Alkalis freed of their superfluous humidity by calcination attract the moisture of the air, but not so strongly as Acids: so that it is easier to procure and preserve them in a solid form.

They flow in the fire, and are then capable of uniting with vitrifiable earths, and of forming therewith true glass, which, however, will partake of their properties, if they be used in sufficient quantity.

As they melt more readily than vitrifiable earth, they facilitate its fusion; so that a weaker fire will reduce it to glass, when a fixed Alkali is joined with it, than will melt it without that addition.

Alkalis are known by their taste, which is acrid and fiery; and by the properties they possess of turning vegetable blues and violet colours green; particularly syrop of violets.

Their affinity with acids is greater than that of absorbent earths; and hence it comes to pass, that if an Alkali be presented to a combination of an Acid with an absorbent earth, the earth will be separated from the Acid by the Alkali, and a new union between the Acid and the Alkali will take place.

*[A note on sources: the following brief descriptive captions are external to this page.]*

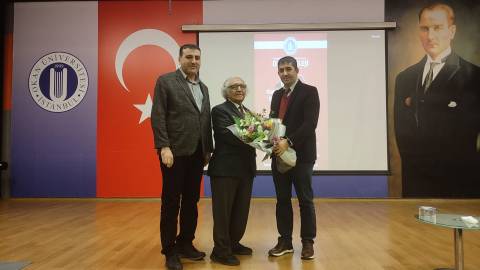 Cumhuriyet Döneminde Sanayi Devrimi ve Gelişimi Hakkında Yeni Bilgiler Öğrendik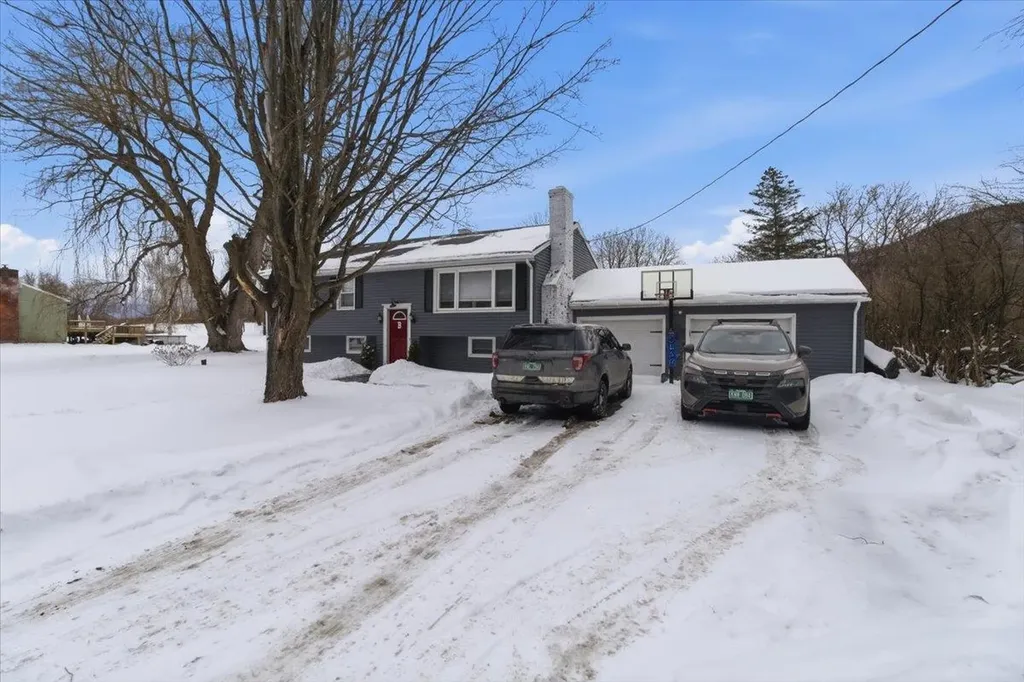 149 Jewett Drive Bennington VT 05201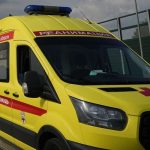 Νεκρά τα μέλη του πληρώματος του στρατιωτικού αεροσκάφους που συνετρίβη βορειοανατολικά της Μόσχας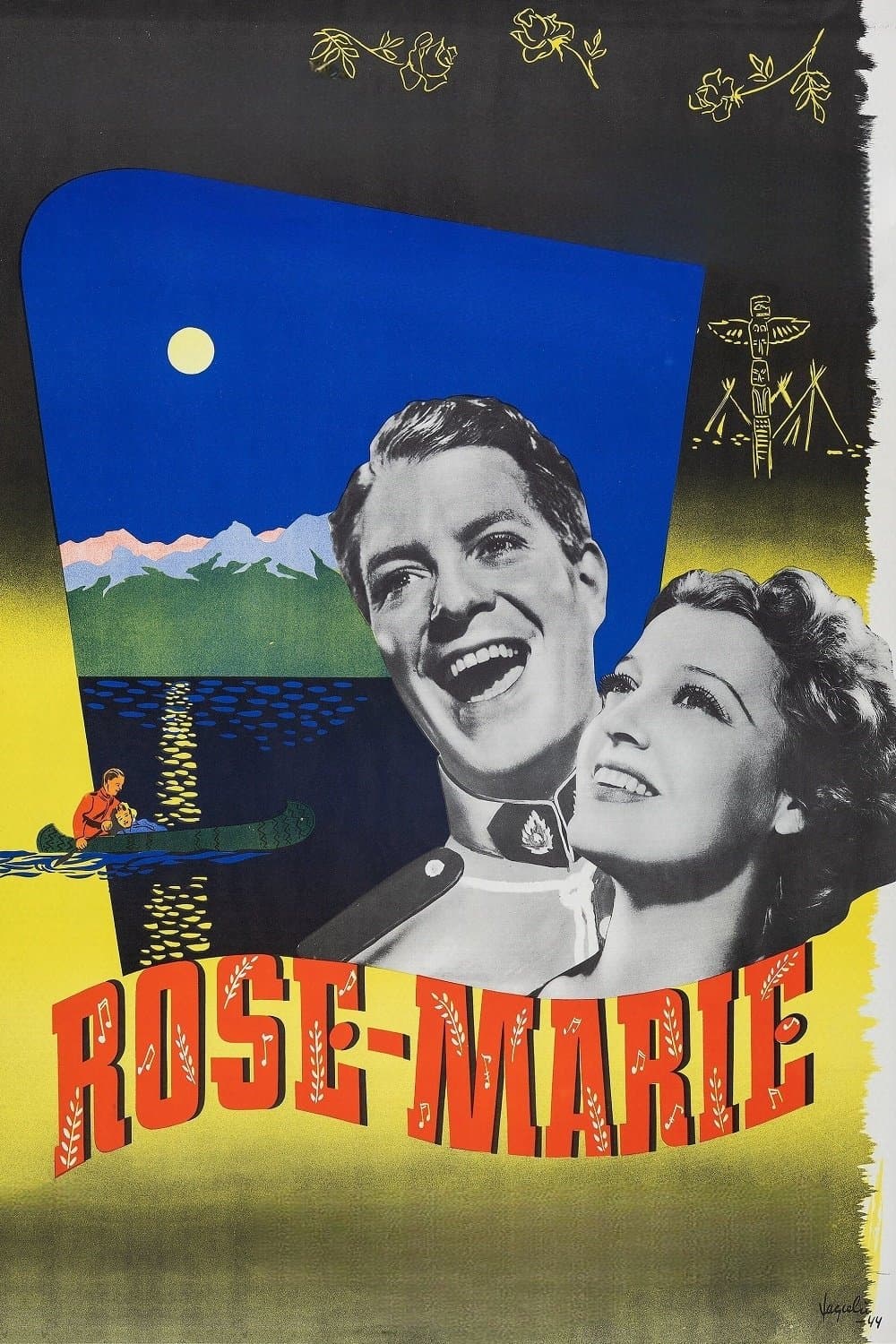 Rose Marie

This is both an instance and a proof of our fifth proposition concerning Affinities.

If a pure Alkali be presented to a pure Acid, they rush together with violence, and produce the same phenomena as were observed in the union of an absorbent earth with an Acid; but in a greater and more remarkable degree.

Fixed Alkalis may in general be divided into two sorts: one of these hath all the above-recited properties; but the other possesses some that are peculiar to itself. We shall consider this latter sort more particularly under the head of Sea-Salt.

SECTION III.

Of Neutral Salts.

The Acid and the Alkali thus uniting mutually rob each other of their characteristic properties; so that the compound resulting from their union produces no change in the blue colours of vegetables, and has a taste which is neither sour nor acrid, but saltish. A saline combination of this kind is for that reason named Sal Salsum, Sal Medium, of a Neutral Salt. Such combinations are also called by the plain general name of Salts.

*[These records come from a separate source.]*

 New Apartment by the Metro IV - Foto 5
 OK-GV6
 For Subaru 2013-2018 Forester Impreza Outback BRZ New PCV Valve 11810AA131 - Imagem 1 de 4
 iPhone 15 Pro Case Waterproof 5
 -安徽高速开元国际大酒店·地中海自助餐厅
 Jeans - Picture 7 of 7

It must be observed that, in order to make these Salts perfectly Neutral, it is necessary that neither of the two saline principles of which they are compounded be predominant over the other; for in that case they will have the properties of the prevailing principle. The reason is this: neither of these saline substances can unite with the other but in a limited proportion, beyond which there can be no further coalition between them. The action by which this perfect union is accomplished is termed Saturation; and the instant when such proportions of the two saline substances are mixed together, that the one is incorporated with as much of the other as it can possibly take up, is called the Point of Saturation. All this is equally applicable to the combination of an Acid with an absorbent earth.

The combination is known to be perfect, that is, the Point of Saturation is known to be obtained, when, after repeated affusions of an Acid in small quantities to an Alkali, or an absorbent earth, we find those phenomena cease, which in such cases constantly attend the conflict of union, as we said above, namely, ebullition, hissing, &c. and we may be assured the Saturation is complete when the new compound hath neither an acid nor an acrid taste, nor in the least changes the blue colours of vegetables.

Neutral salts have not so great an affinity with water as either Acids or Alkalis have; because they are more compounded: for we observed before, that the affinities of the most compounded bodies are generally weaker than those of the most simple. In consequence hereof few Neutral Salts, when dried, attract the moisture of the air; and those that do, attract it more slowly, and in less quantity, than either Acids or Alkalis do.

All Neutral Salts are soluble in water; but more or less readily, and in a greater or smaller quantity, according to the nature of their component principles.

Water made boiling hot dissolves a greater quantity of those salts which do not attract the moisture of the air, than when it is cold; and indeed it must be boiling hot to take up as much of them as it is capable of dissolving: but as for those which run in the air, the difference, if there be any, is imperceptible.

Some Neutral Salts have the property of shooting into crystals, and others have it not.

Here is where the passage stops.